◆ Scraped caption text data:
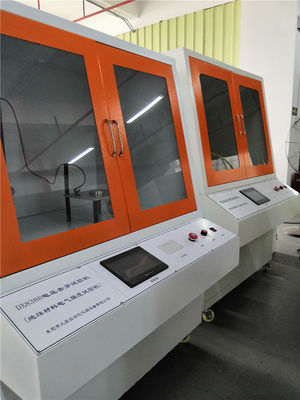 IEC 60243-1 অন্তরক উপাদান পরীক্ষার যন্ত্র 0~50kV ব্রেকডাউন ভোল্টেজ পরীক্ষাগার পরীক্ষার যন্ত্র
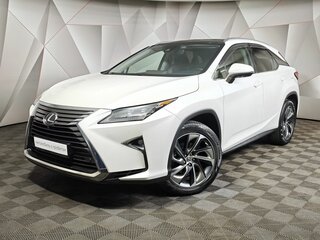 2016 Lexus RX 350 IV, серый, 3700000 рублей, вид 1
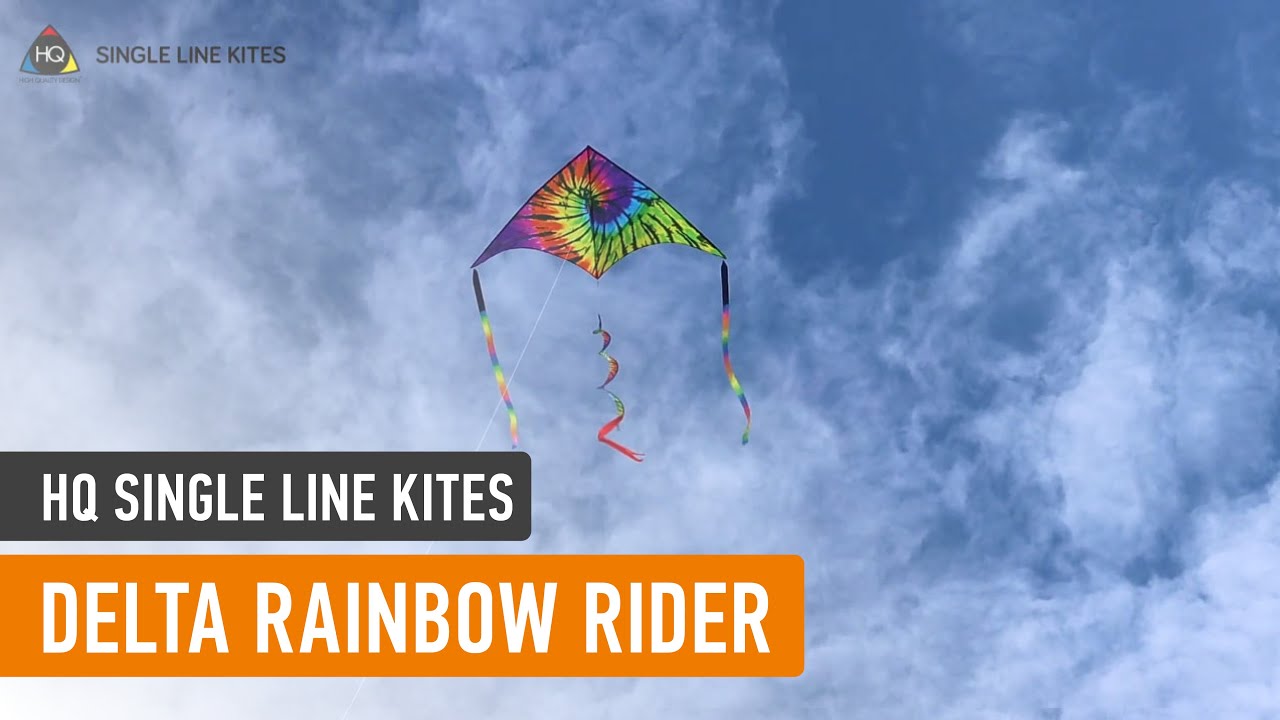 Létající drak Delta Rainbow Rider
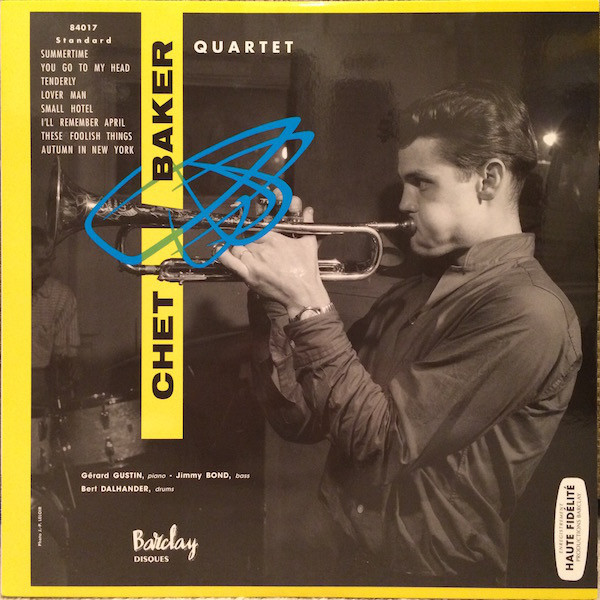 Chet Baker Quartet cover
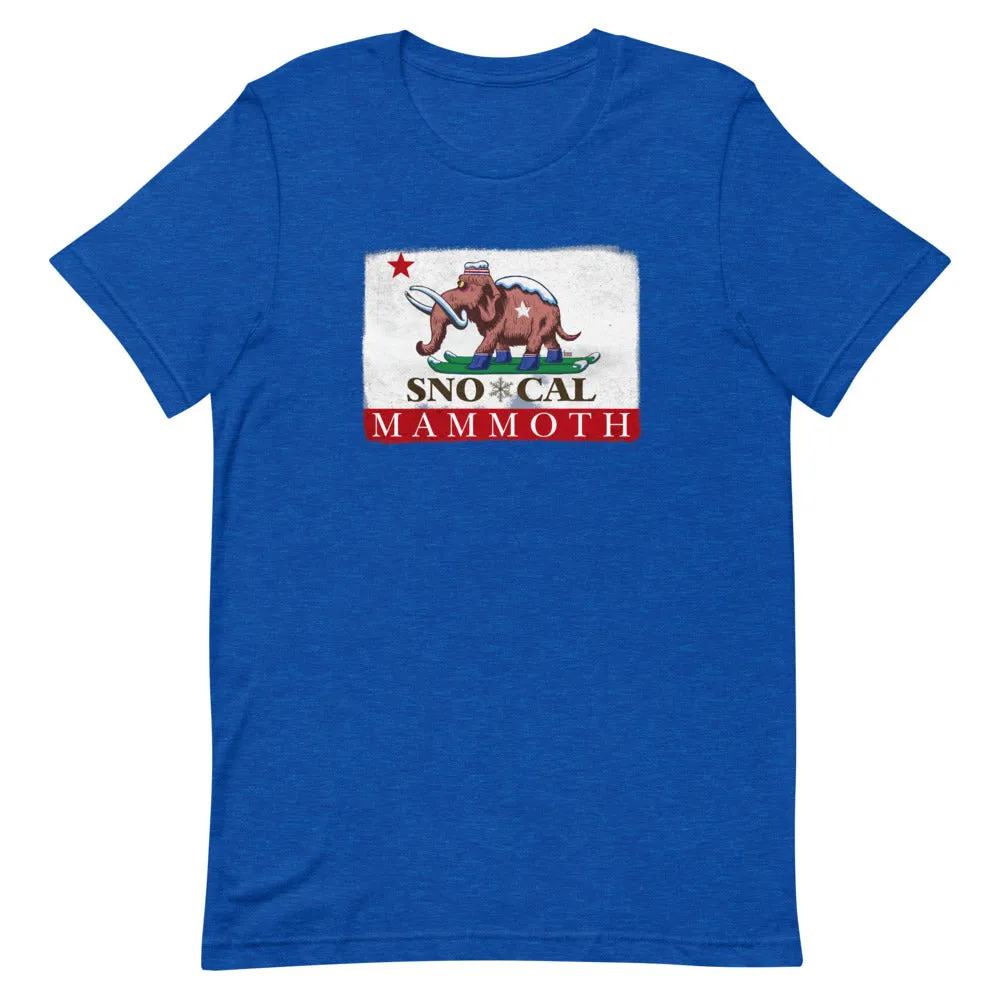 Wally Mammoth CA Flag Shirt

◆ ASSIGNED TASK:
Produce an exact copy of only those lines that run from the line with "Létající drak Delta Rainbow Rider" to the final line of the records, including both; exclude images.

◆ SOLUTION:
 Létající drak Delta Rainbow Rider
 Chet Baker Quartet cover
 Wally Mammoth CA Flag Shirt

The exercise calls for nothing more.